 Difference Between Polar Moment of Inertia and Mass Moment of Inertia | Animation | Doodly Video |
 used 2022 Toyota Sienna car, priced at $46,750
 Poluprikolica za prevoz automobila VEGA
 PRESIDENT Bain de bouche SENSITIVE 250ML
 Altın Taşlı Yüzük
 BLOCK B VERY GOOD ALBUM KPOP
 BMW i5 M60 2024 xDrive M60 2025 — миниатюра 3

--

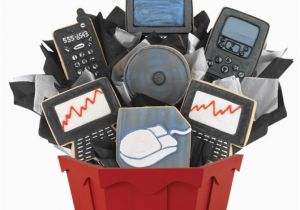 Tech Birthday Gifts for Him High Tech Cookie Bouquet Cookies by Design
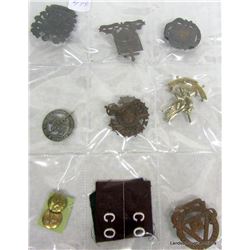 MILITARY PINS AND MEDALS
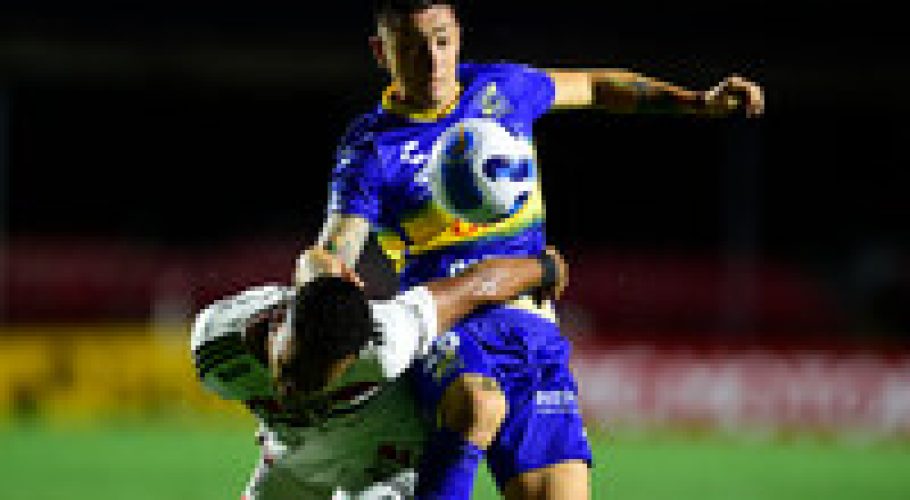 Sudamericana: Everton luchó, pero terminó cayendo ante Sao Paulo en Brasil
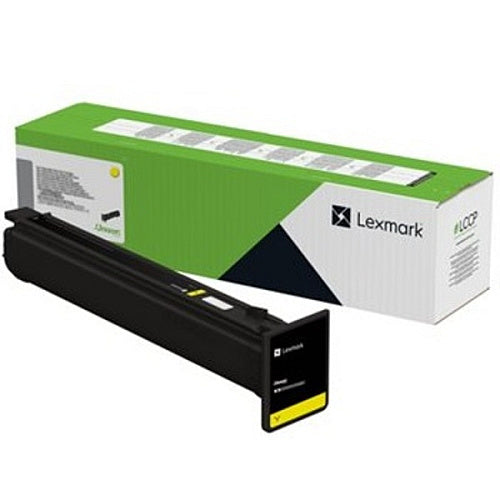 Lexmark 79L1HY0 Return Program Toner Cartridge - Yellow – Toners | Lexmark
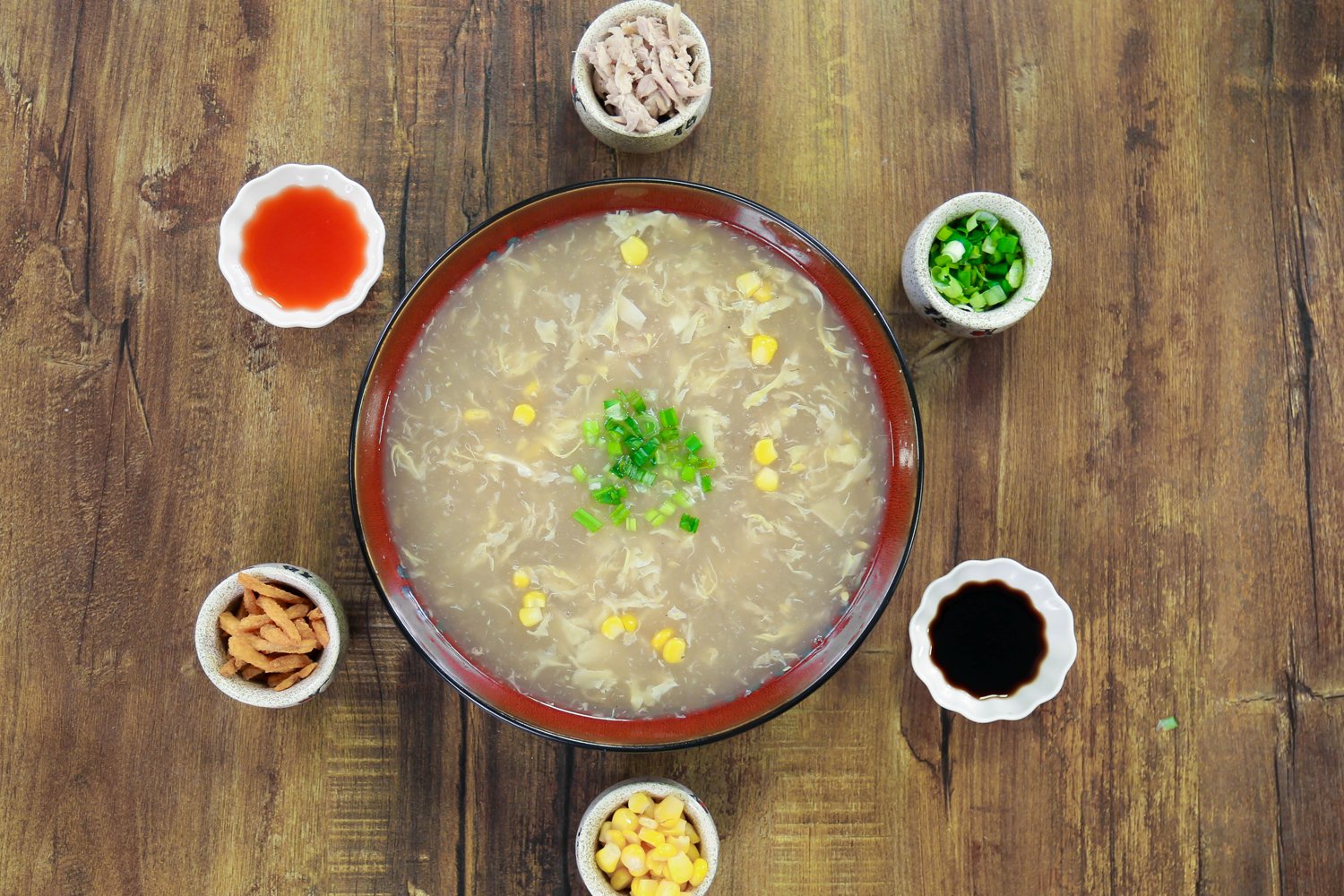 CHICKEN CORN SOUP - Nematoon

What you will do:
Taking the line with "Difference Between Polar" as the first and the line with "BMW i5 M60 2024" as the last, retype that stretch of the data above exactly, with no other lines.

Exercise output:
 Difference Between Polar Moment of Inertia and Mass Moment of Inertia | Animation | Doodly Video |
 used 2022 Toyota Sienna car, priced at $46,750
 Poluprikolica za prevoz automobila VEGA
 PRESIDENT Bain de bouche SENSITIVE 250ML
 Altın Taşlı Yüzük
 BLOCK B VERY GOOD ALBUM KPOP
 BMW i5 M60 2024 xDrive M60 2025 — миниатюра 3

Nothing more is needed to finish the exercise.